Sin embargo, el triunfo no estaba completo. Años antes de Honorio, Constantino había permutado el punto final del triunfo pagano. Había cambiado el templo de Júpiter, en el que ya no creía más, por la basílica y la curia. Había hecho que la procesión triunfal depusiese su gloria ante la sede del pueblo, el Senado, y no ante Júpiter. En Córdoba faltaba dar el paso del emperador Honorio, acudir a la verdadera sede del triunfo, o a la que lo administra, al lugar del nuevo dios; en este caso situado sobre ese otro recinto triunfal que es la Mezquita de los Califas. Y por eso las procesiones prefirieron un ámbito más angosto, menos poblado, más oscuro y menos efectista, la Judería, en detrimento de aquel lumínico, amplio y fastuoso del centro. No es la ciudad la que manda, es el triunfo.
            Aquellos dos arcos que se disponían en el nuevo camino de los emperadores al Vaticano, sin quererlo, pueden pensarse en el arco pensado para otro emperador: el de Felipe II, mal llamado puerta del Puente, bajo el que pasan las procesiones. Aun así, este arco, en la nueva liturgia cordobesa, tiene bien poca importancia.
            Mayor importancia litúrgica tienen los arcos perimetrales del recinto, del témenos sagrado de la Catedral (en estos días lo es preponderantemente Catedral). Entre ellos, destaca el arco de la puerta del Perdón bajo la torre. Perdón, indulgencia, caridad, redención a costa de actitud, porque entramos en el paraíso. En ese paraíso giran las procesiones hasta que por un arco ganado al templo, el de la famosa celosía de Felix Hernández, consiguen entrar en la verdadera catedral y alcanzar la cátedra y el altar. Allí reside el culmen de su recorrido, en la gloria de la Cátedra del Obispo (Apóstol) y el Altar. Y tras ello, no se plantean salir, se plantean seguir.
En ese momento, aunque parezcan salir al patio, en realidad entran en la Gloria. Y lo hacen por el arco más importante de todos, el de la Puerta de Las Palmas, o del triunfo, las palmas, como el laurel, son iconos inequívocos de ello. A los lados de esa puerta, un antiguo canónigo y erudito dispuso dos miliarios romanos de la misma milla de la Vía Augusta, pero de distinta fecha. ¡Es un milagro que una misma milla se restaure y encima que se recuperen los miliarios! Uno, el izquierdo según se mira a la Puerta de Las Palmas, es de los años de Augusto contemporáneos al nacimiento de Cristo. El otro, a la derecha, reza fecha consular de Tiberio por los años de la Pasión de Nuestro Señor. Este es el año del nacimiento, este es el año de la Pasión, queda escrito en un bonito latín cuadrado barroco por debajo de latín antiguo.

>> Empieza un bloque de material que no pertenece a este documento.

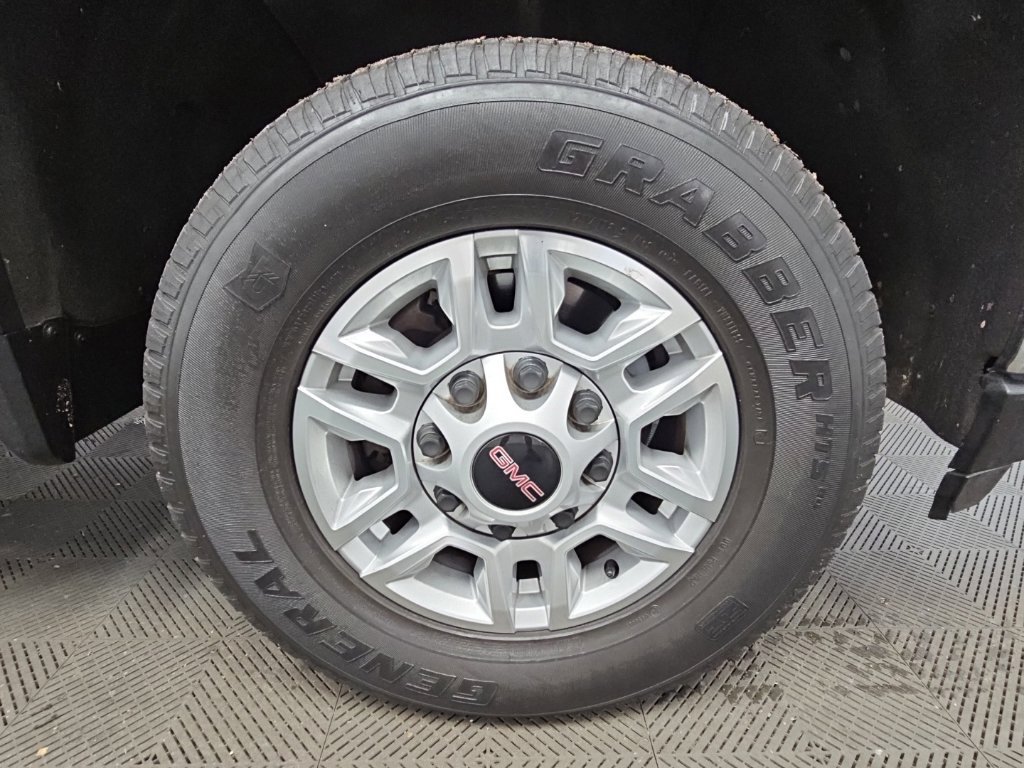 Used 2022 GMC Sierra 2500 SLE w/ SLE Convenience Package AWD/4WD image 44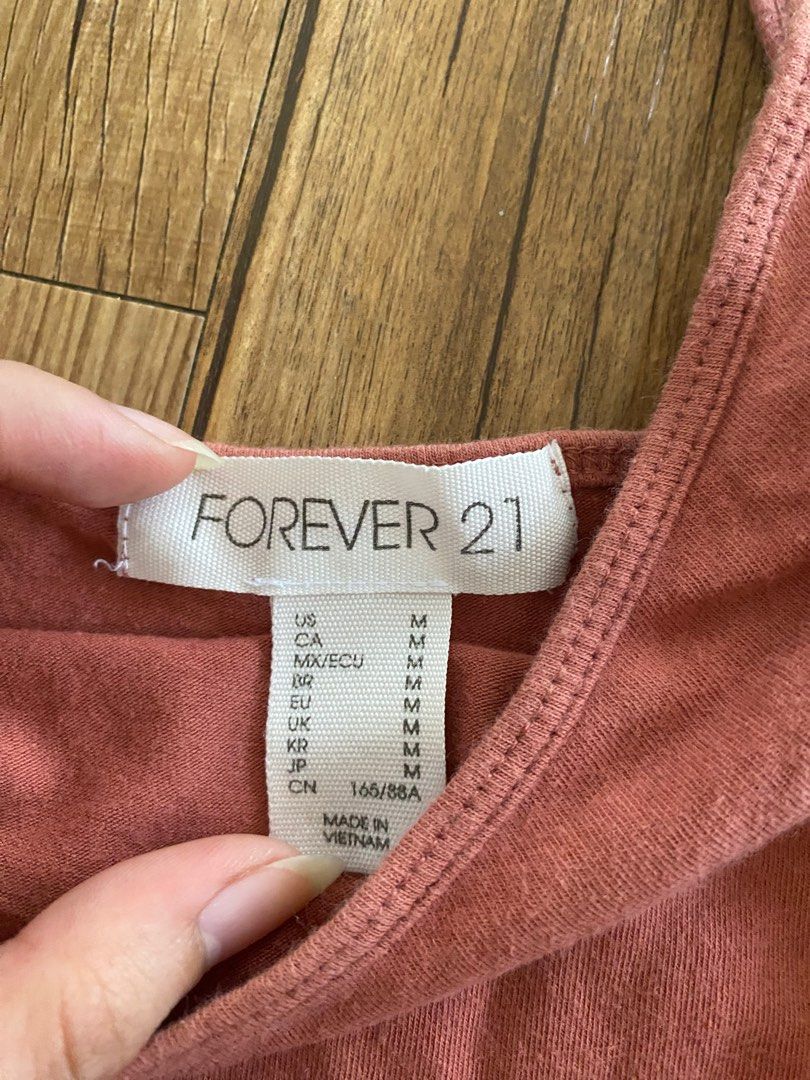 [SET] Forever 21 sando in pink and green (Category: Sleeveless) located in Dasmarinas. Submitted by cafinds (Listing ID 1249665912, Image 2). Description: - slighty used but no flaws .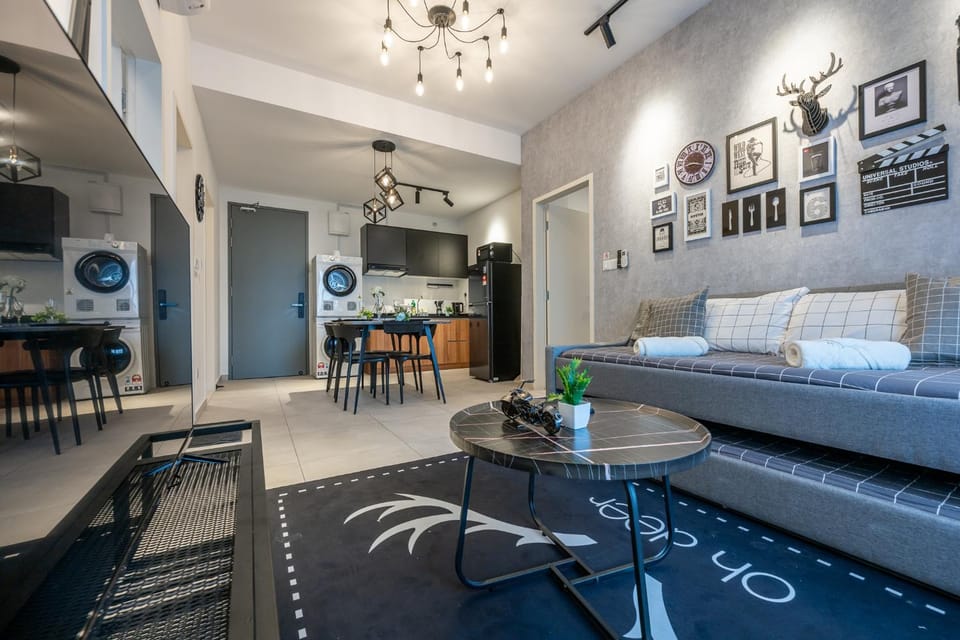 TV and multimedia, Kitchen or kitchenette, Living room, Seating area, Dining area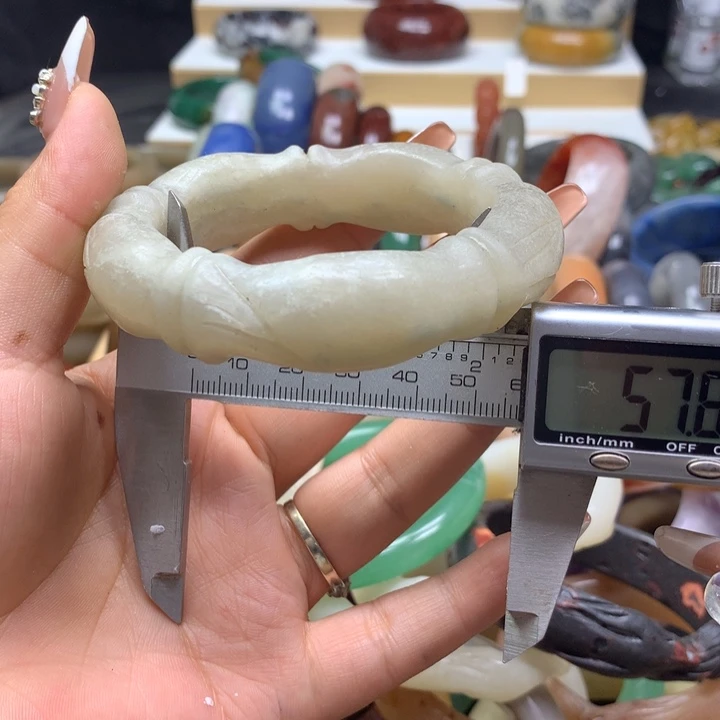 未镶嵌手镯石英质玉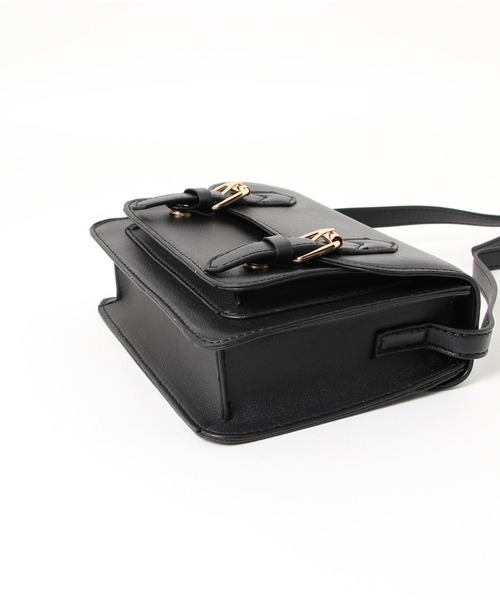 PairPair(ペアペア)の「バックルショルダーバッグ(ショルダーバッグ・レディース・ブラック/ベージュ・FREE)」の9枚目の写真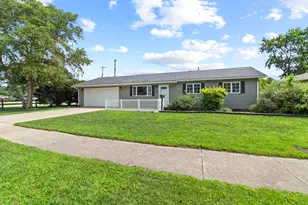 9307 Ellen Dr, Highland, IN 46322 - Photo 3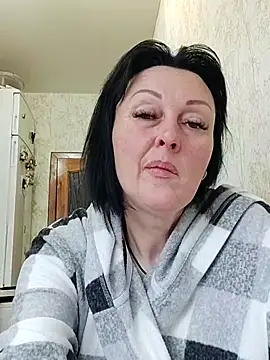 HelgaDennis online show from 9, 4, 2026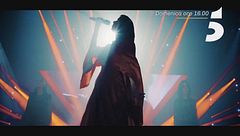 Laura Pausini festeggia a "Verissimo" 30 anni di carriera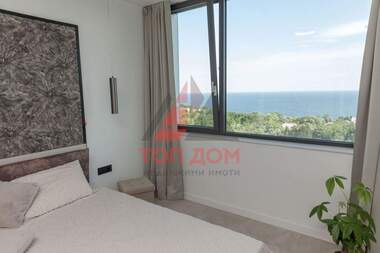 Închiriere - Apartament în Ceaîka,  Varna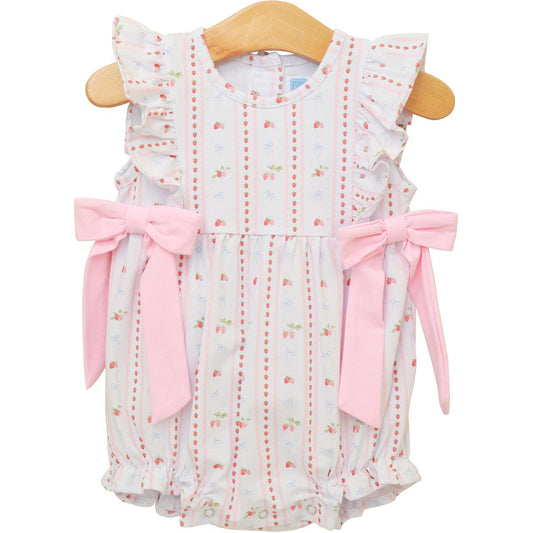 Trotter Street Berry Sweet Bubble featuring colorful fruit-shaped bubblegum candies in a clear container.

Este es el año del nacimientoeste es el año de la Pasión

Ese es el verdadero arco triunfal, similar a las palmas triunfales del antiguo arco vaticano que marcaba la redención entre la tierra y el cielo, gracias a la Pasión de Cristo. Ahí es cuando las procesiones comienzan a dar la vuelta.
La de tiempo que llevaba esto guardado en mi ordenador....
Quizás no nos demos cuenta, pero nada pasa por que sí, en ninguna historia. O todo puede explicarse desde ella. O todo sigue siendo una misma parte de ella. Entre Honorio y nosotros, de verdad, que no ha pasado tiempo. En términos de tiempo histórico. Entre medias, palcos de pago, gritos, pipas, niños sueltos, móviles y procesiones. Nada que no conozcamos de antiguo. Nos falta el “César, recuerda que sigues siendo un hombre”, de aquel esclavo que acompañaba al gran dictador en el carro triunfal.

César, recuerda que sigues siendo un hombre

En Córdoba, ese nuevo recorrido triunfal comporta, de nuevo como en el centro, palcos de pago y negocio con la fe. Conlleva sin embargo que la gente que tiene devoción no pueda ver si no paga, o que se le tape. Obliga, esto es novedad, a que los fieles devotos que lo sienten no puedan ir detrás de su paso por la zona más principal. Colateralmente y sin remedio, y eso es lo que hay, utiliza la simbología del patrimonio público y desplaza al poder cívico de su liturgia, su sede y sus valores.
Todo ello por ese adventus triunfal, tan lejano normalmente a una estación de penitencia, en el que nos hemos convertido.